There is a lot to dislike about hipsters. First off, they look like total cunts.
Their ridiculous lumberjack beards* or some Poirot inspired retro mustache usually teamed up with a fucking top knot, knitted beanie or maybe a City gents bowler hat and black rimmed glasses that they don’t need. Skinny jeans and a Victorian smoking jacket with matching fob watch is a must.
Then there is the interest in obscure films and music. Nothing wrong with that, probably better than some of the mainstream shite they flood the market with but its the aloofness and cliquey in-jokes that the plebs are missing out on the nuances of Congolese folk and 1920’s Luxembourgian jazz fusion or Finnish film noir thrillers.
Most look like they need a good meal because they don’t put in a hard days graft for a living. Sorry Jonty, busking on the accordion outside the tube station doesn’t count. They love anything artisan or better still served in a jam jar, beer, cereal…these cunts aren’t fussy. And pop-up food trucks serving kimchi dumplings? You cant move for bellends on penny farthings and fixie bikes.

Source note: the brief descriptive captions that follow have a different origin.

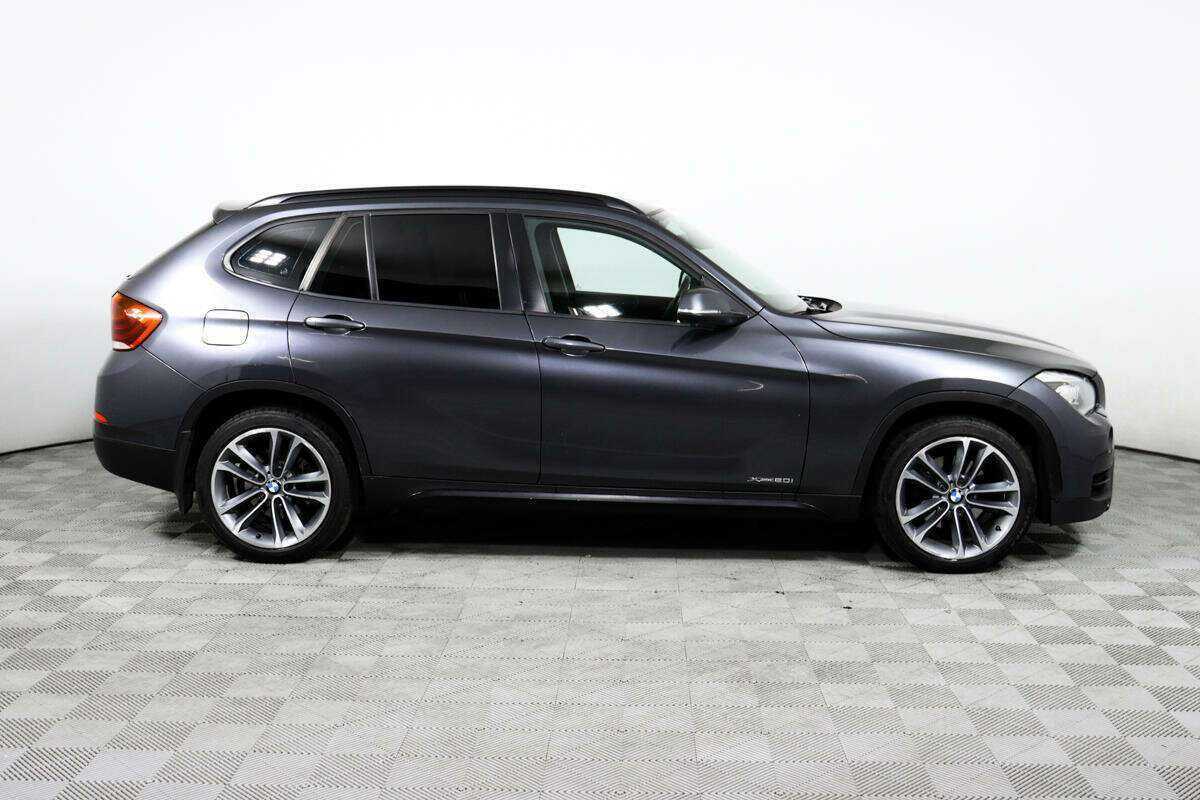 BMW X1 20i, 2012 - фото №4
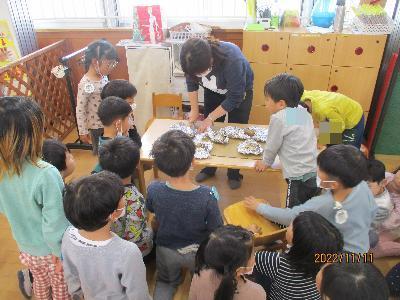 キノコを切る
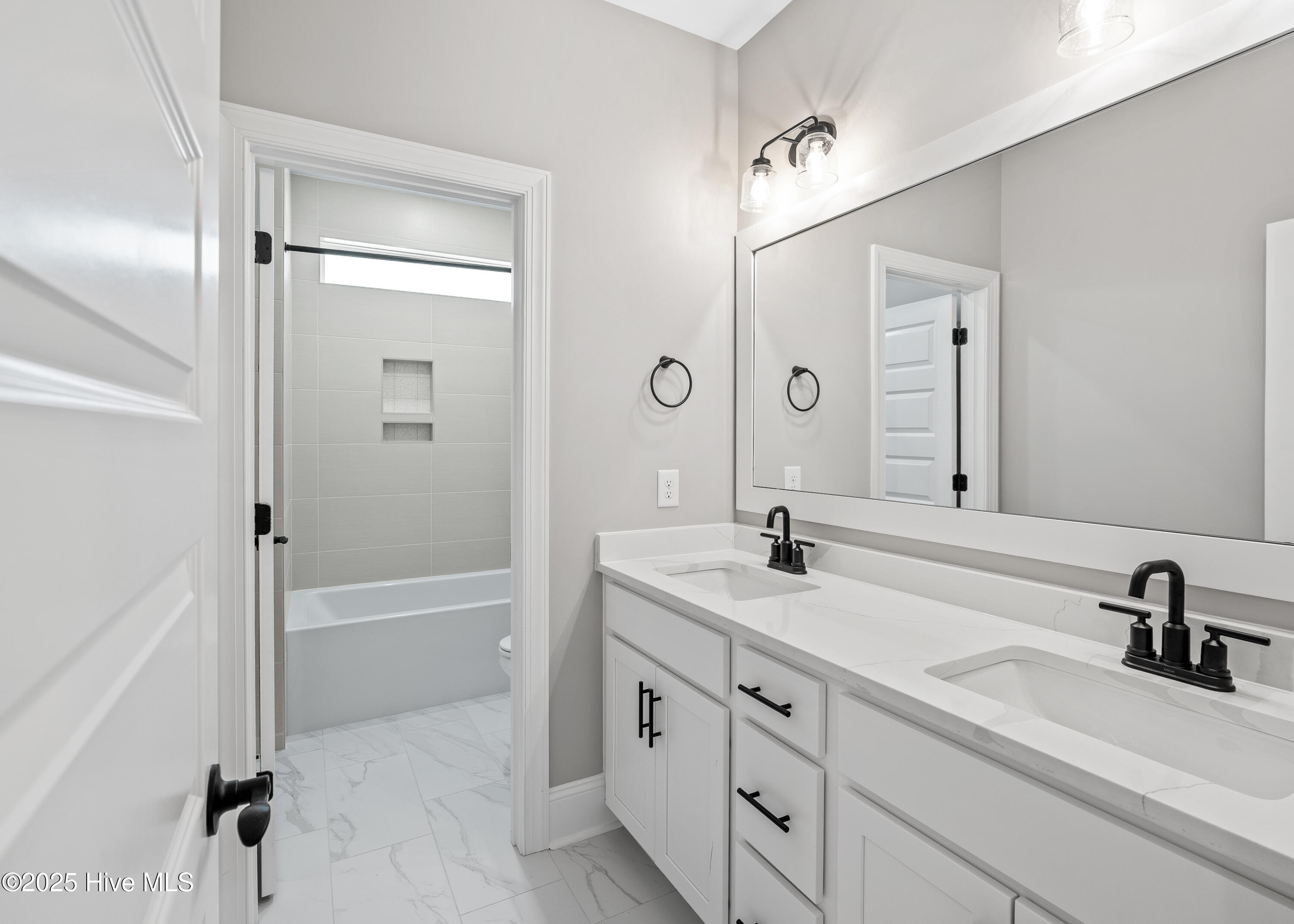 100537185 | Photo 33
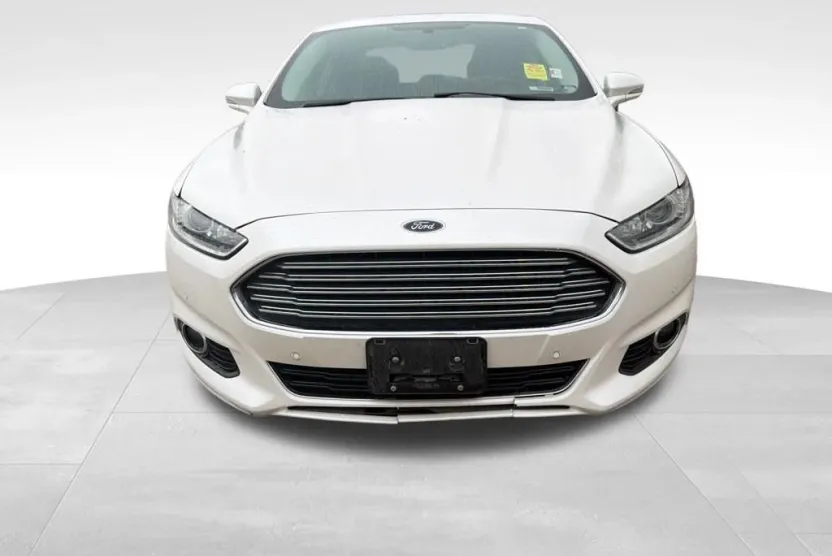 2014 Ford Fusion Titanium photo 1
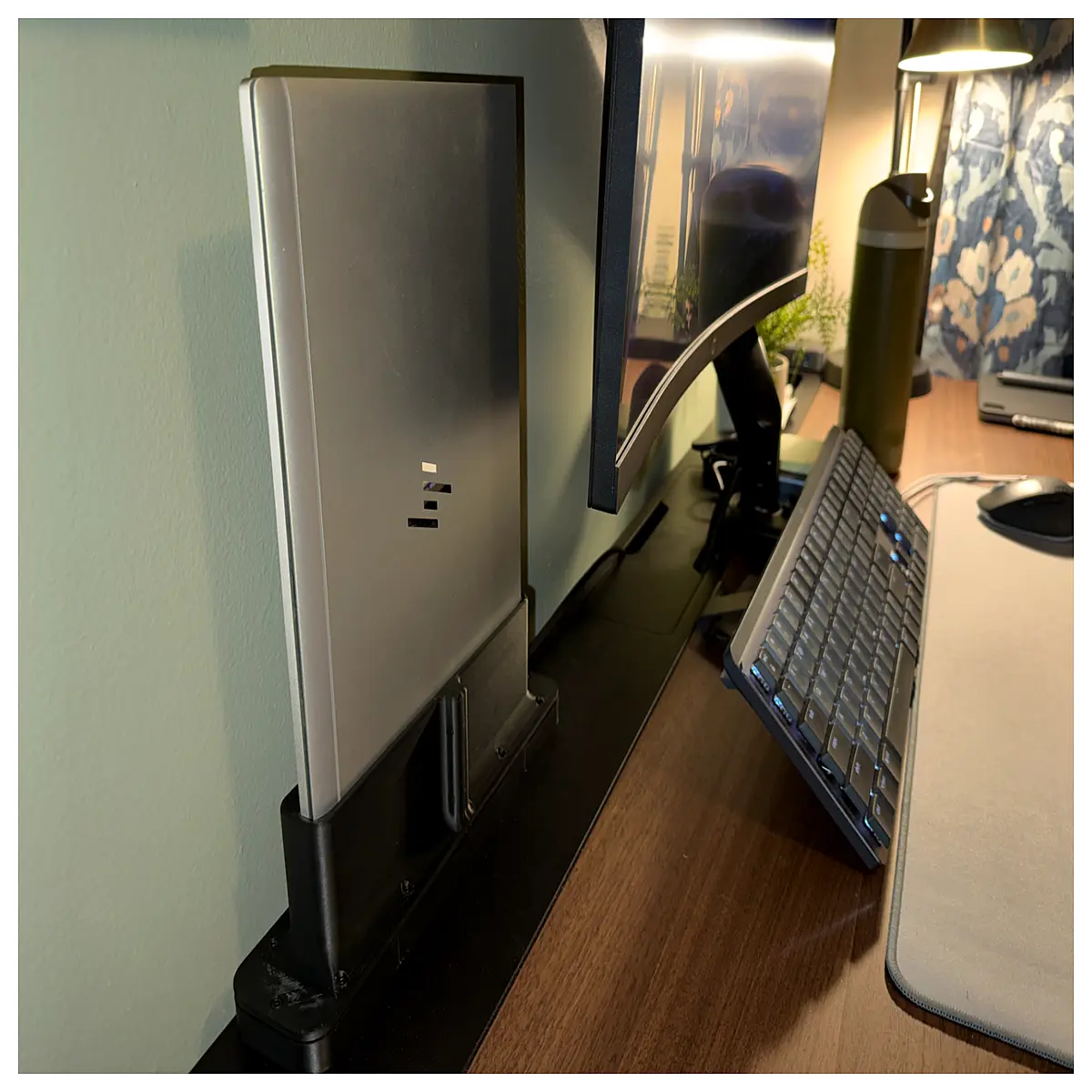 EliteBook 840 G8 Vertical Dock Stand Laptop Expansion Dock Boost Productivity Desk Organizer Computer Stand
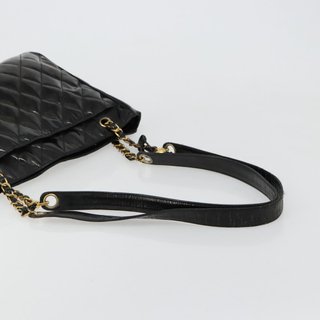 CHANEL Matelasse Chain Tote Bag Patent Leather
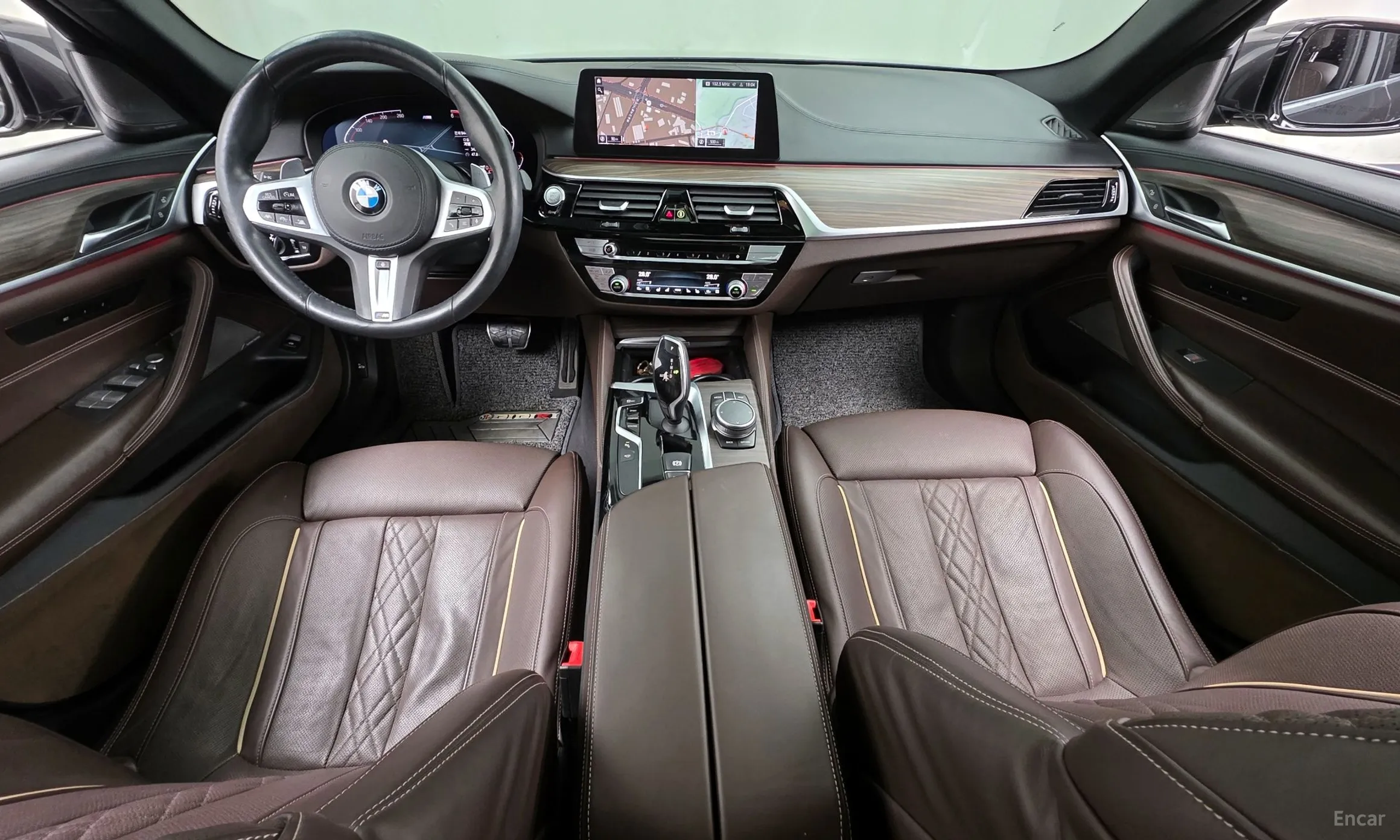 BMW 5 Series (G30) превью 7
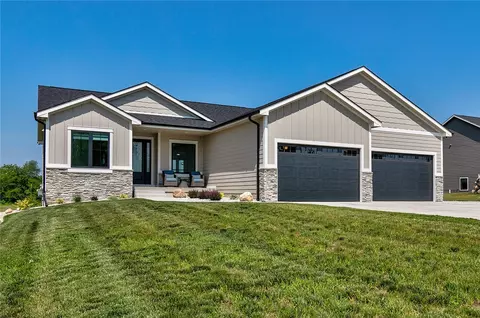 10090 NW 121st St, Granger, IA 50109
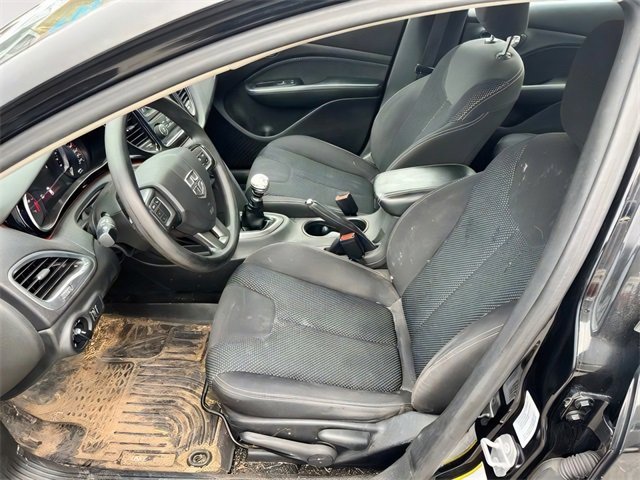 Used 2015 Dodge Dart SXT image 11
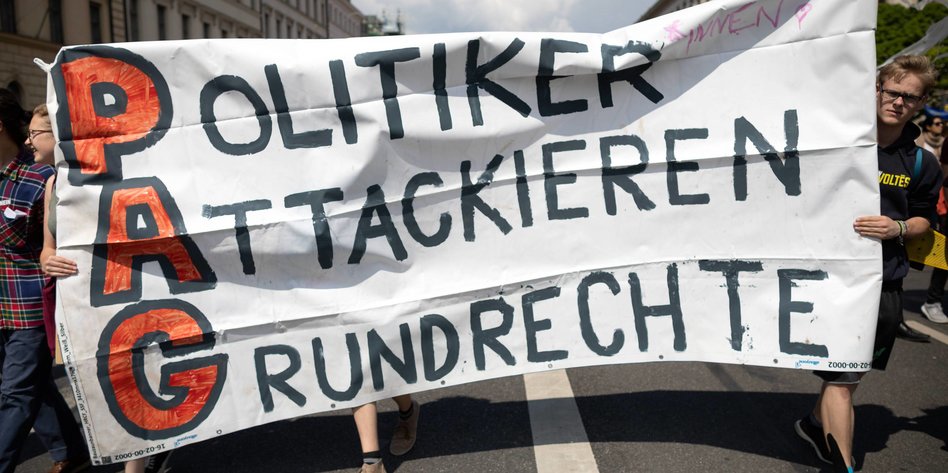 Neues Polizeigesetz in Bayern: Ohne Anklage im Gefängnis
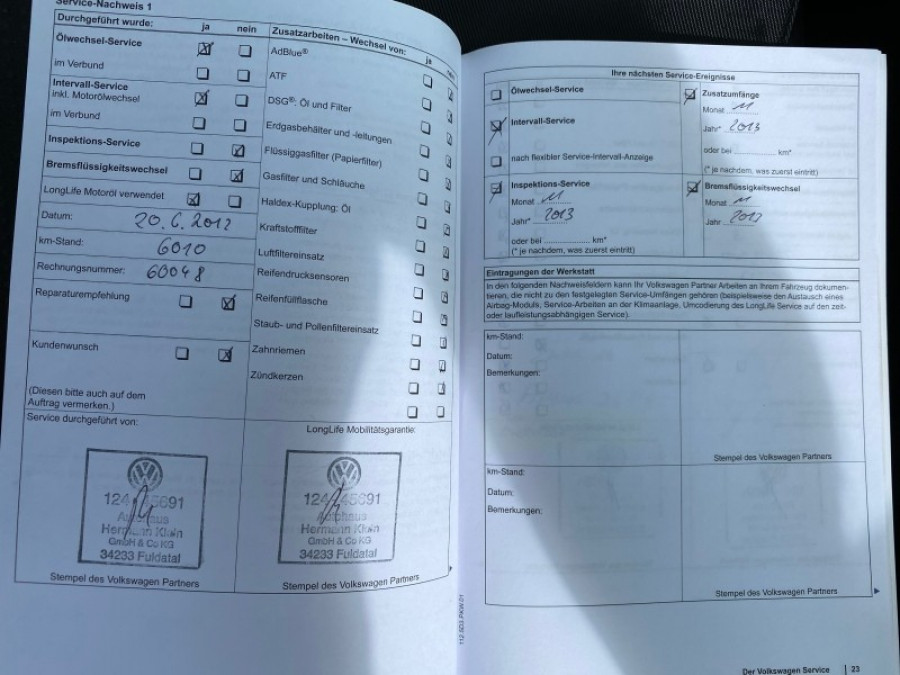 max-ac8e3b6a_service_book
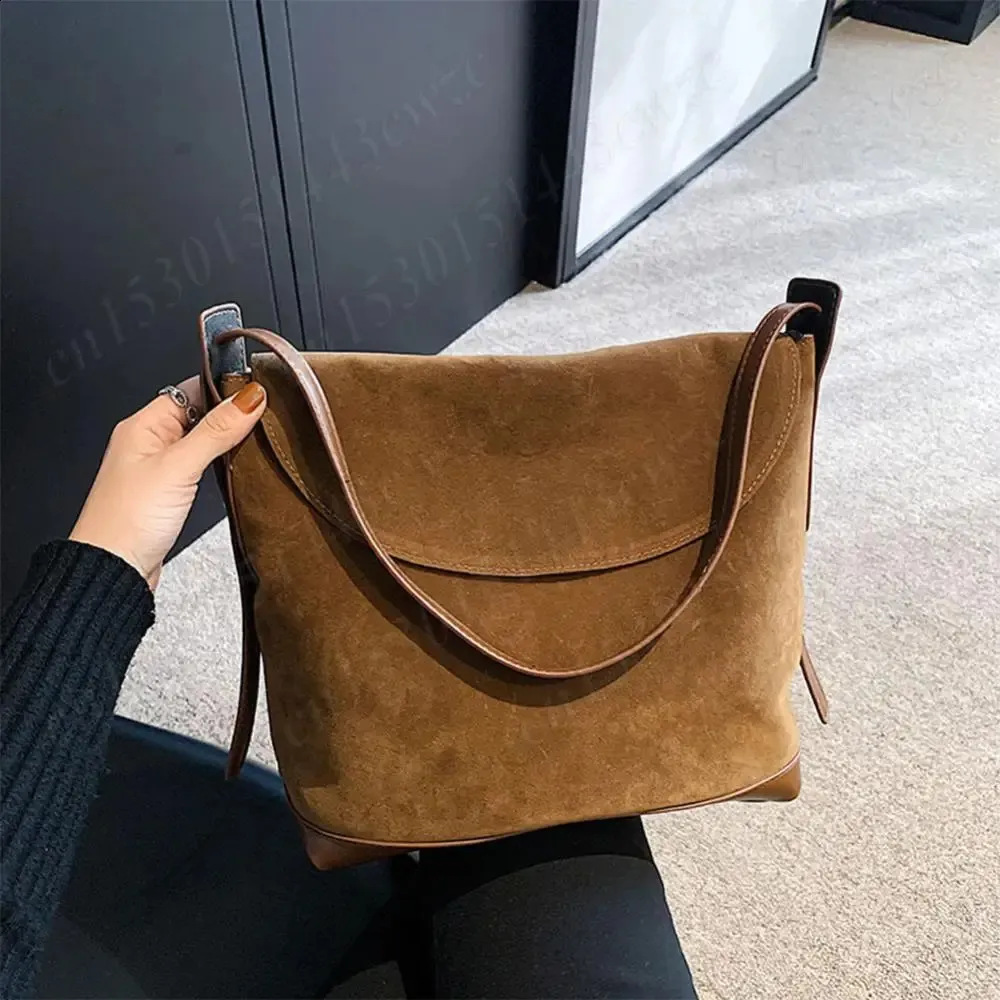 Borsa a tracolla in pelle scamosciata per donna, chiusura magnetica, tracolla regolabile, borsa a tracolla multitasche, borsa hobo per lavoro e viaggio_voghion.com
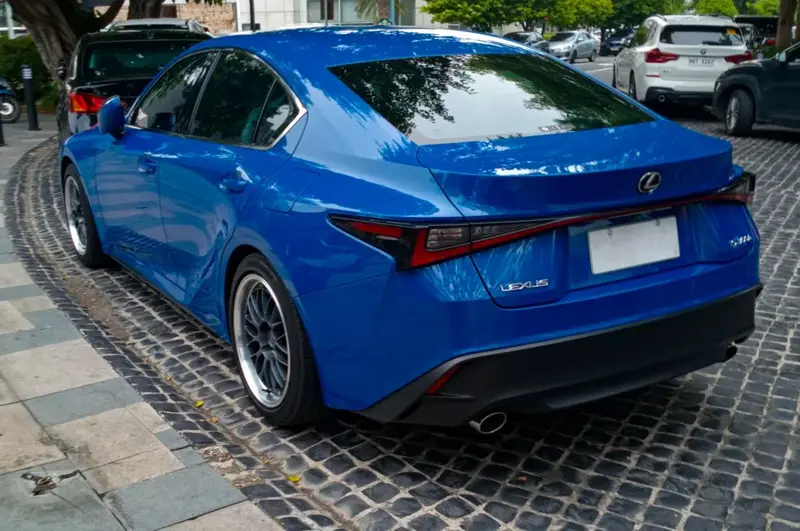 Lexus IS - 6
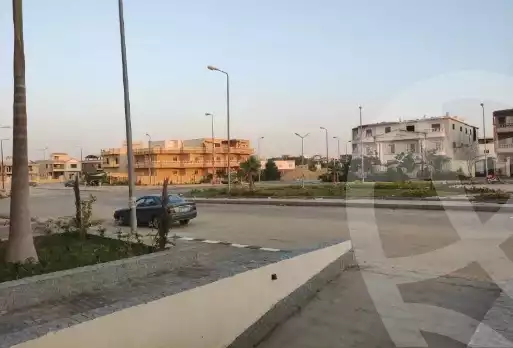 https://aqarmap.com.eg/en/listing/6446114-for-sale-cairo-el-shorouk-lhy-lthlth-grb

Hipsters? They need beating with their retro Gameboys.
Ironically of course.
* Not to be confused with the non-hipsters of the Beard Appreciation Society – Stockport chapter.
https://ninjajournalist.com/entertainment/ridiculous-hipsters-tb/3/
Nominated by : Liberal Liquidator
🎵Hipsters are doin’ it for themselves! 🎵
🎵Standing on their own two feet🎵
🎵and ringing their own bells🎵
That’s what Annie Lennox said anyway.